Ha! Tak, właśnie „Ha!”, ni mniej, ni więcej. Taka właśnie była moja reakcja, gdy czytając powieść Adama Robertsa, wreszcie dowiedziałem się, co oznacza jej tytuł. To znaczy oryginalny tytuł, który brzmi Yellow Blue Tibia, co można by przetłumaczyć jako „Żółtoniebieska piszczel”. Nie dziwię się przy tym, że polskiemu tłumaczeniu nadano tytuł „Projekt Stalin”. Taki tytuł zdecydowanie bardziej pasuje do lekko prześmiewczego, historyczno-politycznego science fiction tak bowiem należałoby sklasyfikować powieść Robertsa. Tytuł oryginalny pasuje za to do oparów absurdu, w których unosi się fabuła.
Ta zaś jest z pozoru dość prosta: Stalin, przekonany o rychłym upadku Stanów Zjednoczonych, nakazuje rodzimym pisarzom science fiction stworzenie monumentalnej powieści, która zjednoczy „naród sowiecki” wokół walki z nowym nieprzyjacielem – przybyszami z kosmosu. Roberts szybko nas jednak przekona, że w Związku Sowieckim nic nie jest takie, jakie się wydaje. Oto bowiem pisarzom wydaje się rozkaz zaprzestania pracy, a po wielu, wielu latach jeden z nich – Konstatnyn Skworecki, główny bohater – z przerażeniem odkrywa, że wizja inwazji, którą spisali w zaciszu rządowej daczy, zaczyna się spełniać.
W tym miejscu kończą się rzeczy, które mogę napisać o „Projekcie Stalin” z całą pewnością i przekonaniem. Trudno mi nawet określić, czy powinienem ją polecać, czy nie.

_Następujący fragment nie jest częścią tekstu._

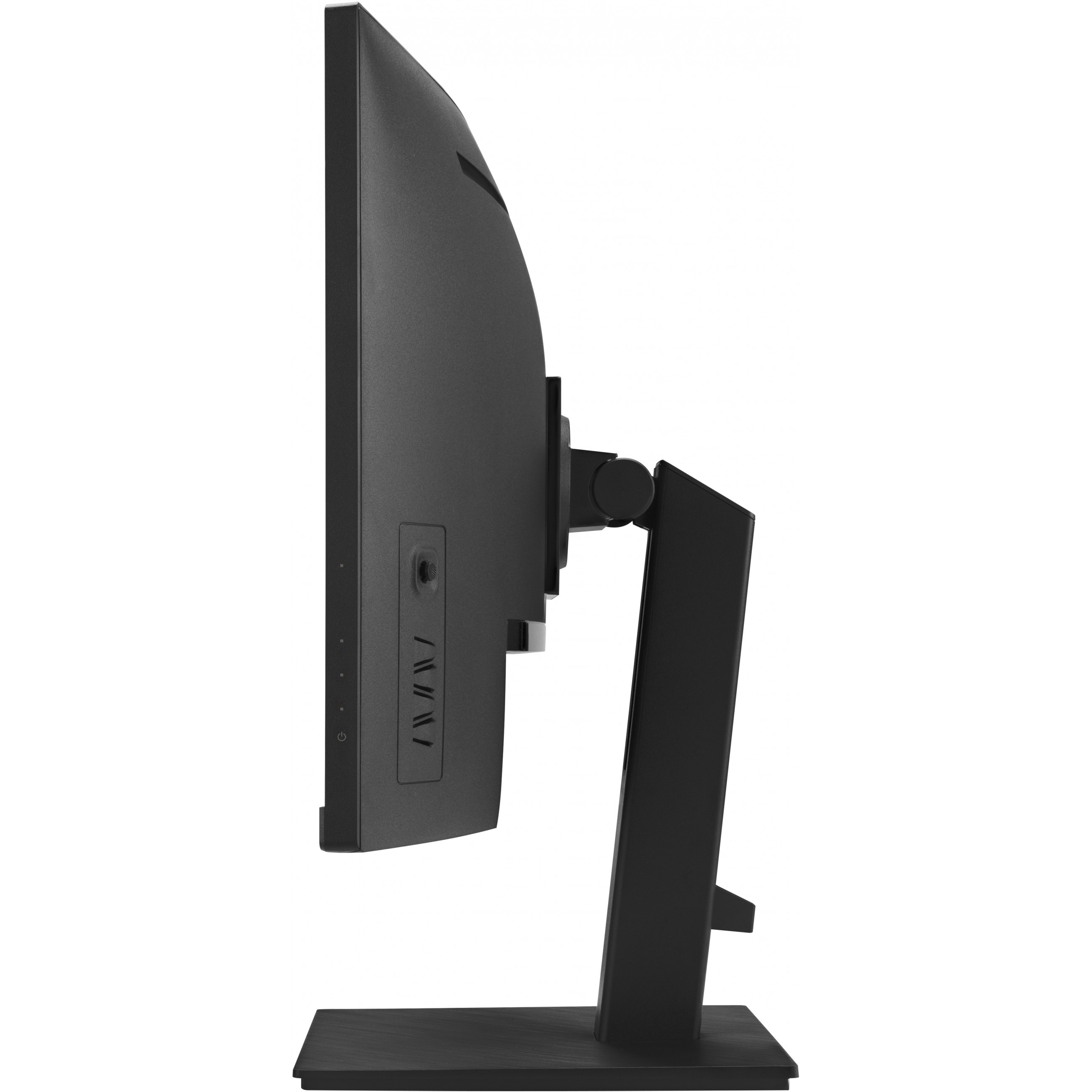 Monitor ASUS VA34VCPSR 34 inča (3440 x 1440, 300 cd/m2, 30001, USB-C, HDMI, DisplayPort)-13
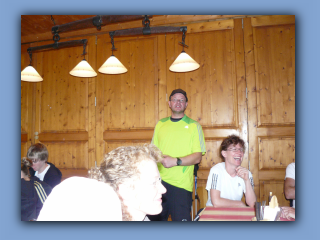 Andechs 2012 _ 016 -.jpg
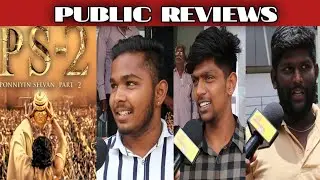 PS2 PUBLIC REVIEWS#trending#video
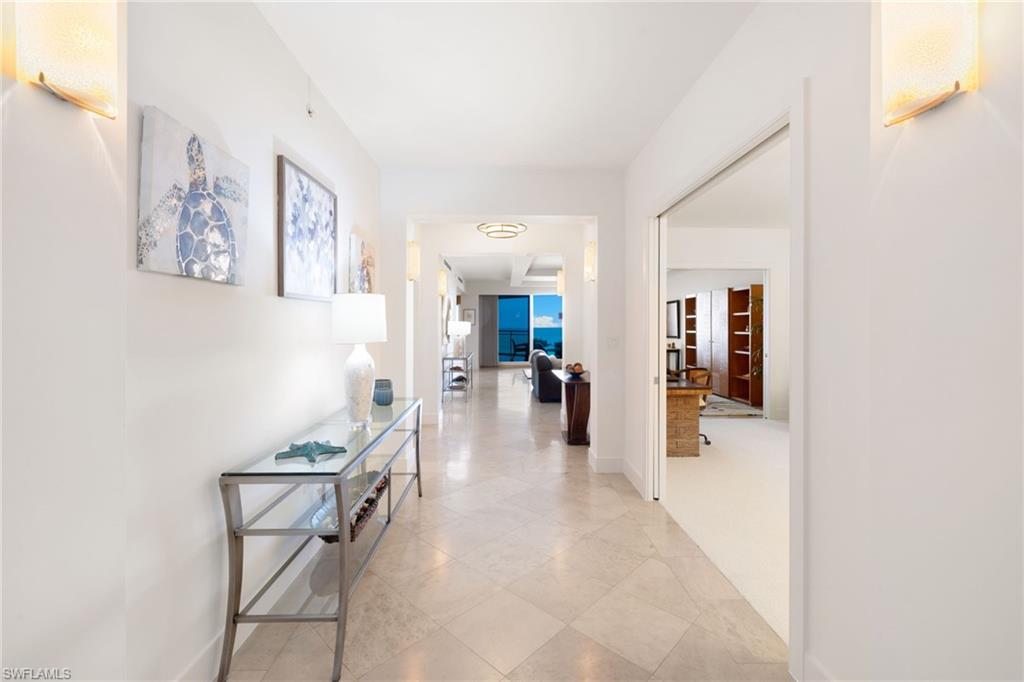 MORAYA BAY - Residential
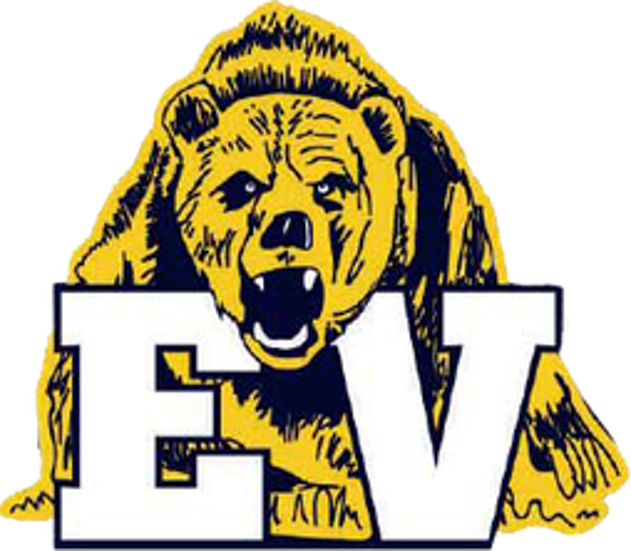 The English Valleys Bears ScoreStream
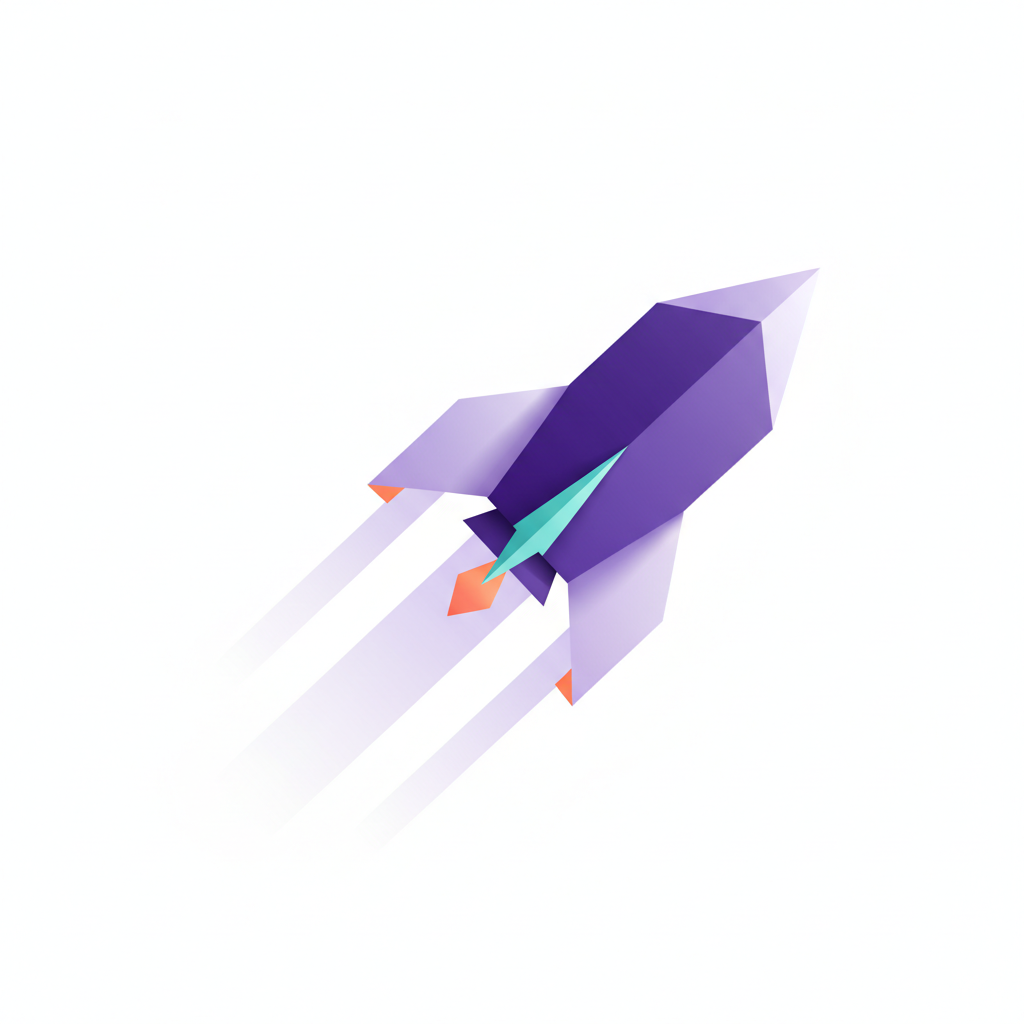 Improved Stability for Document Type Management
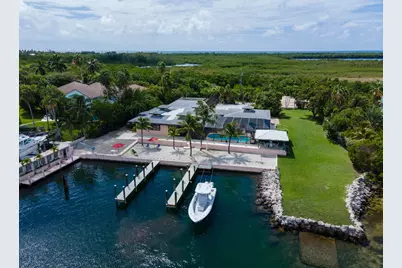 57121 Morton Street, Marathon, FL 33050 - Photo 59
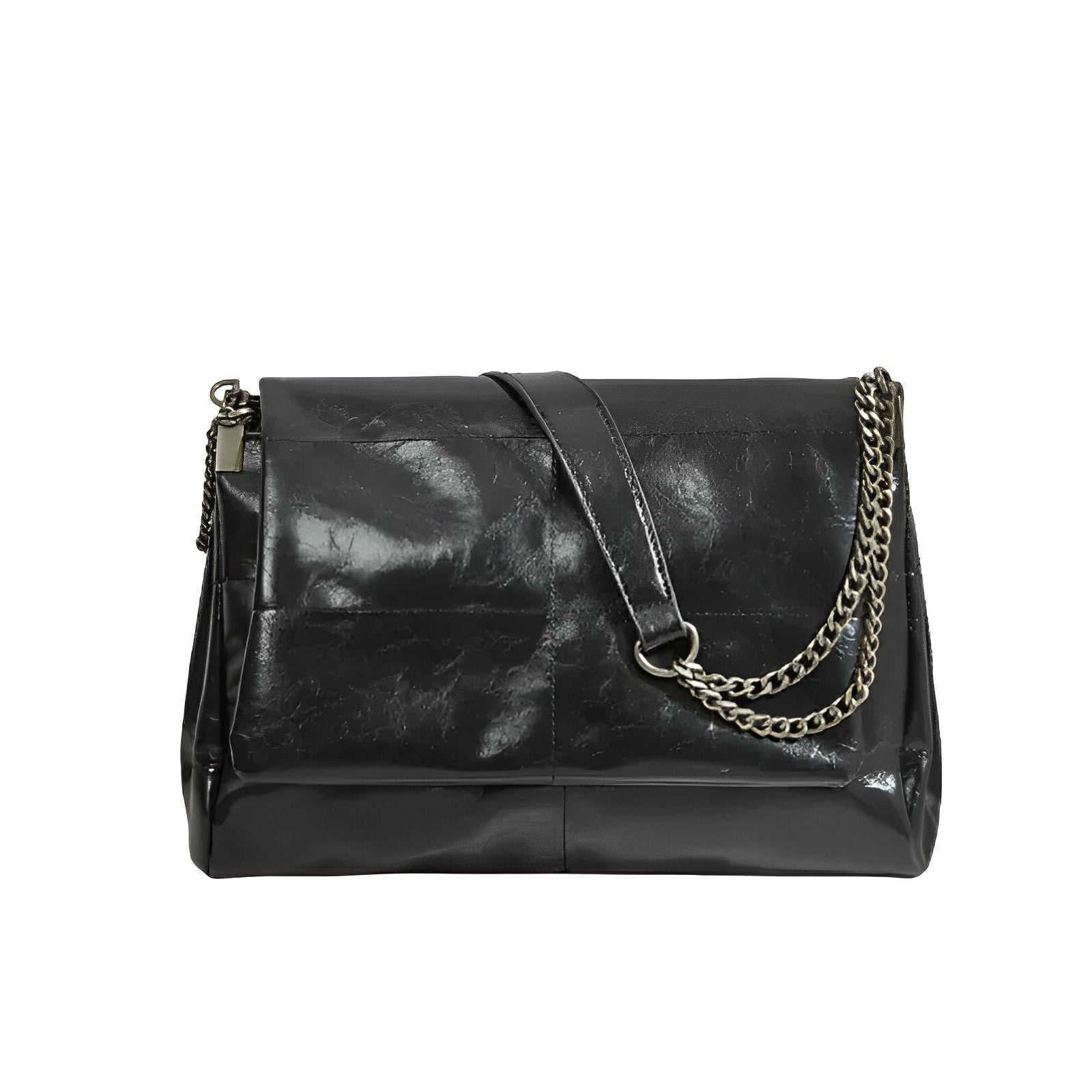 Elise Bag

Warto podkreślić, że w Stanach Zjednoczonych książka wzbudziła trochę kontrowersji ze względu na sposób, w jaki przedstawiono dwoje bohaterów drugoplanowych – rosyjskiego fizyka nuklearnego i taksówkarza (tak, to jedna osoba) zmagającego się z autyzmem i wielce otyłą Amerykankę. Skworecki niejednokrotnie daje do zrozumienia, że dziwne nawyki tego pierwszego wprawiają go w skrajną irytację (zresztą co najmniej raz o mało nie stracił przez nie życia), a z tuszy Amerykanki chwilami zwyczajnie sobie pokpiwa. Daleko mi jednak do przypuszczeń, że zgorzkniały, cyniczny, lubujący się w ironii Skowrecki wyraża w tym miejscu przekonania samego autora, już bardziej są to uprzedzenia typowe dla tamtego miejsca i czasu – pamiętajmy bowiem, że i współcześnie ludzie autystyczni czy chorobliwie otyli często stają się obiektami niechęci ze strony innych.
Roberts sprawnie miesza zarówno gatunki, jak i scenerie. Tajemnicza śmierć amerykańskiego scjentologa, której świadkiem jest Skworecki, podobnie jak trudne do zobrazowania drugie spotkanie głównego bohatera ze Stalinem są tego najlepszym przykładem. Najsłabiej w szybko prącej naprzód fabule prezentuje się zakończenie – Robertsowi jakby nagle zabrakło ikry.
Jest to powieść zdecydowanie skierowana do Czytelnika odnoszącego się z sympatią do nieortodoksyjnych eksperymentów literackich, przedstawiająca przy tym ciekawą (aż szkoda, że zmyśloną) wizję przenikania się historii, polityki i teorii o UFO. Gdybym miał sprofilować odbiorcę „Projektu Stalin”, nakreśliłbym portret człowieka zainteresowanego historią Związku Sowieckiego, z zainteresowaniem czytającego Philipa K. Dicka i Stanisława Lema, a przy tym mającego lekko Mulderowskie podejście do spraw UFO. Jest na sali ktoś taki? Albo chociaż zbliżony do tego opisu? O, pan w drugim rzędzie. I pani w piątym. Zapraszam państwa do księgarni.